# Wanna bale some Tumbleweeds? Tons of tumbleweeds invade and bury city near Roswell, New Mexico



## Grateful11 (Apr 5, 2009)

Saw the on the World News and don't remember ever seeing anything quite like it before.

http://sploid.gizmodo.com/tons-of-tumbleweeds-invade-and-bury-town-near-roswell-1513234810


----------



## Vol (Jul 5, 2009)

Looks like the state needs to do some aerial spraying next time before the tumblers get large.

Regards, Mike


----------



## ontario hay man (Jul 18, 2013)

Lmao its a new mexico snow storm.


----------



## panhandle9400 (Jan 17, 2010)

It is like that all across eastern NM, OK panhandle and TX panhandle , I have never seen rangeland have so many tumbleweeds as it did this season. I have trail roads that are deeper than the hood of my f350 4x4 . Seen the county road crew out doing some roads that have 5 wire fences on both sides bush hogging through them to get rid of them. There will be weed seed spread all over this area for years to come. Vol there is no cost effective way of spraying all the acres that had them this fall. Even old timers I had talk to have seen them as bad as they are this year.I seen a couple of guys swathing and bailing them ? I guess times are harder for some ?


----------



## somedevildawg (Jun 20, 2011)

That's funny....reckon there's a market for baled tumbleweeds? Put it in the right package.......just saying, joke might be on usins....

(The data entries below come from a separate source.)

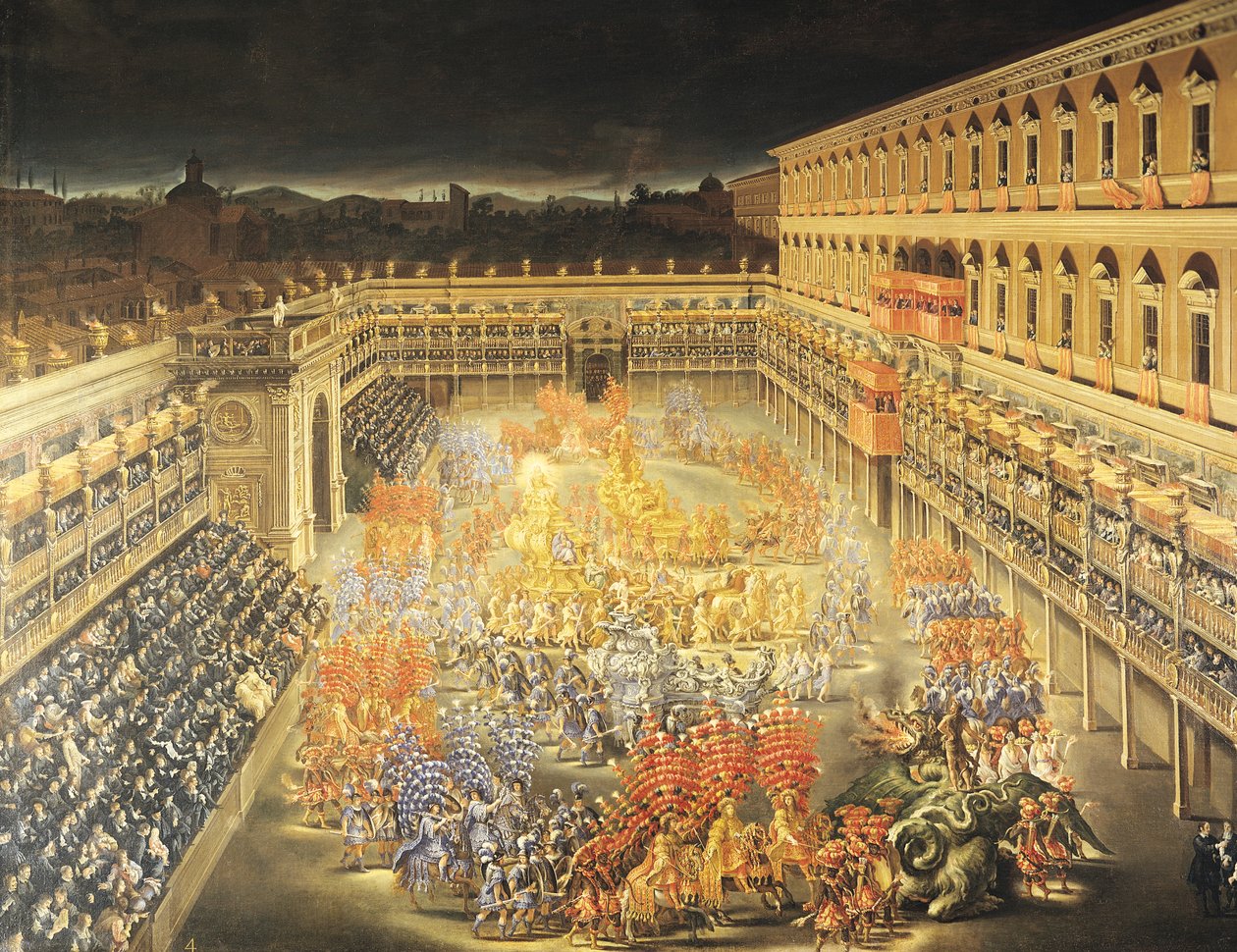 Fesztivál Krisztina svéd királynő (1626-89) tiszteletére a Palazzo Barberiniben alkotó: Filippo Lauri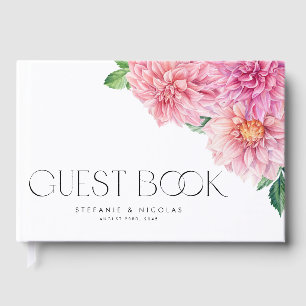 Watercolor Pink Dahlia Flowers Floral Wedding Guest Book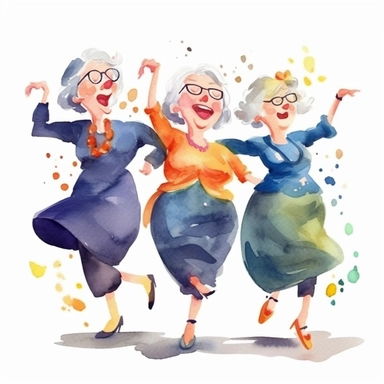 watercolor, clipart, cartoon style, funny old ladies dancing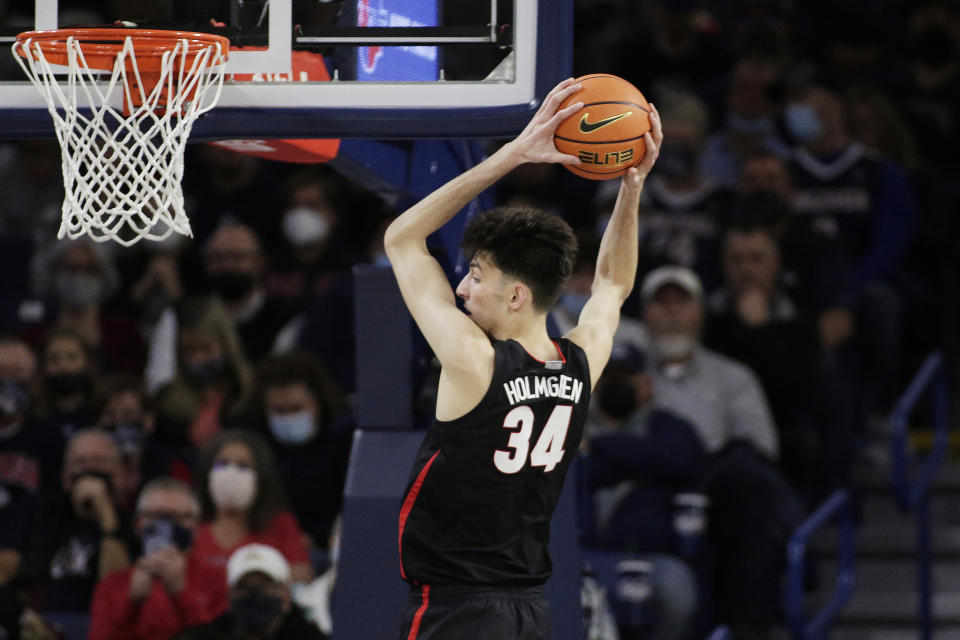 Gonzaga center Chet Holmgren grabs a rebound during the second half of an NCAA college basketball game against Alcorn State, Monday, Nov. 15, 2021, in Spokane, Wash. (AP Photo/Young Kwak)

Don't reckon I've ever seen a tumbleweed up close.....trade ya some kudzu for some tumbleweed?


----------



## panhandle9400 (Jan 17, 2010)

somedevildawg said:


> That's funny....reckon there's a market for baled tumbleweeds? Put it in the right package.......just saying, joke might be on usins....
> 
> Don't reckon I've ever seen a tumbleweed up close.....trade ya some kudzu for some tumbleweed?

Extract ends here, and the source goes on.